Währenddessen gingen die Kinder unter der Woche zwangsweise nach Freiburg in eine jüdische Schule. Mittlerweile war nämlich den jüdischen Schülerinnen und Schülern von den Nazis per Gesetz untersagt worden, die normale öffentliche Schule zu besuchen. Die Cohn-Schwestern lebten dort bei einer Pflegefamilie und kamen nur am Wochenende nach Hause. Als der Zweite Weltkrieg begann, wurde die Mutter mit den Kindern nach München evakuiert. Dort lebte sie mit Eva und Myriam in einem kleinen Zimmer am Stadtrand. Esther hingegen war wegen ihrer Erkrankung im jüdischen Kinderheim in der Antonienstraße untergebracht, weil der Schulweg für sie sonst zu beschwerlich gewesen wäre. 1940 zog die Mutter mit Myriam und Eva nach Offenburg zurück, da wegen des deutschen „Blitzkriegs“ von der französischen Streitmacht nichts zu befürchten war. Die beiden Kinder gingen erneut in Freiburg in die Schule. Esther hingegen blieb in München. Sie besuchte dort die jüdische Schule und machte einen so glänzenden Abschluss, dass sie auf der Entlassfeier die Rede halten durfte. Von einem kurzen Ferienaufenthalt abgesehen sollte sie ihre Familie nie wiedersehen: Über das KZ Theresienstadt, wohin sie 1942 transportiert wurde, deportierten die Nazis sie im Oktober 1944 „in den Osten“. Seither fehlt von ihr jede Spur. Nach dem Krieg legte das Amtsgericht Offenburg ihren Sterbetag auf den 8. Mai 1945 fest, den Tag der Kapitulation Nazi-Deutschlands.

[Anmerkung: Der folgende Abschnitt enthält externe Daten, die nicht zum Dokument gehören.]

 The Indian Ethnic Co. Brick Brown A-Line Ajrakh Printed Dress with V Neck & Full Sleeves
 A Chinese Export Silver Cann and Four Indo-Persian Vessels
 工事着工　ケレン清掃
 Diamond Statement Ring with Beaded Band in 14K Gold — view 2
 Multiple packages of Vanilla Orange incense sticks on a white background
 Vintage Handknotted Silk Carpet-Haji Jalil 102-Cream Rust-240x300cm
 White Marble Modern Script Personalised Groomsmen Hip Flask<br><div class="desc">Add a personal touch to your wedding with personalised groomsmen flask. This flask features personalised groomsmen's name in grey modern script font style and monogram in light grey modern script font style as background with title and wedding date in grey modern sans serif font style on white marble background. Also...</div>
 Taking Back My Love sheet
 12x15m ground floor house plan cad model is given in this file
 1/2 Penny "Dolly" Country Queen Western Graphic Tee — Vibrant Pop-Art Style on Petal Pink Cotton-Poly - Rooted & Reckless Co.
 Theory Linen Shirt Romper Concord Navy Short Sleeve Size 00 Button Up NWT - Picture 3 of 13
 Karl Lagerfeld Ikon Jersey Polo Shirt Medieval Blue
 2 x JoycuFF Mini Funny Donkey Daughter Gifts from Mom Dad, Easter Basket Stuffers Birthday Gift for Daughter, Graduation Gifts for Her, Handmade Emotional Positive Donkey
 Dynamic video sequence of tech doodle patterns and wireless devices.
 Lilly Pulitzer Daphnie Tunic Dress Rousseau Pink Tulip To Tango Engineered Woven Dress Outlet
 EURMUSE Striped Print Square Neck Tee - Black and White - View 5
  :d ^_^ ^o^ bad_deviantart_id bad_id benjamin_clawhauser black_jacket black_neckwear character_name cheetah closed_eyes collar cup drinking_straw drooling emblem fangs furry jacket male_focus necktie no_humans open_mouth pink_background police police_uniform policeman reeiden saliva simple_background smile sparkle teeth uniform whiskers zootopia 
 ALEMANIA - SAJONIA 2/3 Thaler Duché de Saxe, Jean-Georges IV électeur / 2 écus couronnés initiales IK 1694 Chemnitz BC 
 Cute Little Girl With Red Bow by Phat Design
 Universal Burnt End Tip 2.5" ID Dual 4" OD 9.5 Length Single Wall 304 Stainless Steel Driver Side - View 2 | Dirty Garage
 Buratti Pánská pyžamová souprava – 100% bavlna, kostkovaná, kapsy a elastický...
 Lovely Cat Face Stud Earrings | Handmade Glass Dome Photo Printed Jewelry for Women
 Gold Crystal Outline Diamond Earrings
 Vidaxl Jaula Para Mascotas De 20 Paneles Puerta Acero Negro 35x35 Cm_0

Am berüchtigten 22. Oktober 1940, als in ganz Baden die Juden von den Nazis zusammengetrieben wurden, wurde Mutter Sylvia Cohn von Offenburg aus, Myriam und Eva von Freiburg aus nach Gurs deportiert. Hier fanden sie sich wieder. In dem Lager lebten sie unter sehr schlechten Umständen. Sie mussten hungern und erkrankten an der Ruhr. Abgemagert wurden sie 1941 in ein anderes Lager nach Rivesaltes verlegt, wo sie sich eine Gelbsucht zuzogen. In Rivesaltes gelang es Mutter Cohn, für ihre beiden Töchter im April 1943 einen Platz in einem jüdischen Kinderheim zu organisieren, von wo aus die jüdische Hilfsorganisation „Oeuvre de Secours aux Enfants“ die beiden jungen Mädchen – Myriam war dreizehn Jahre alt, Eva elf – in ein Kinderheim bei Ascona in der Schweiz vermittelte. Dort erlebten die Kinder das Kriegsende.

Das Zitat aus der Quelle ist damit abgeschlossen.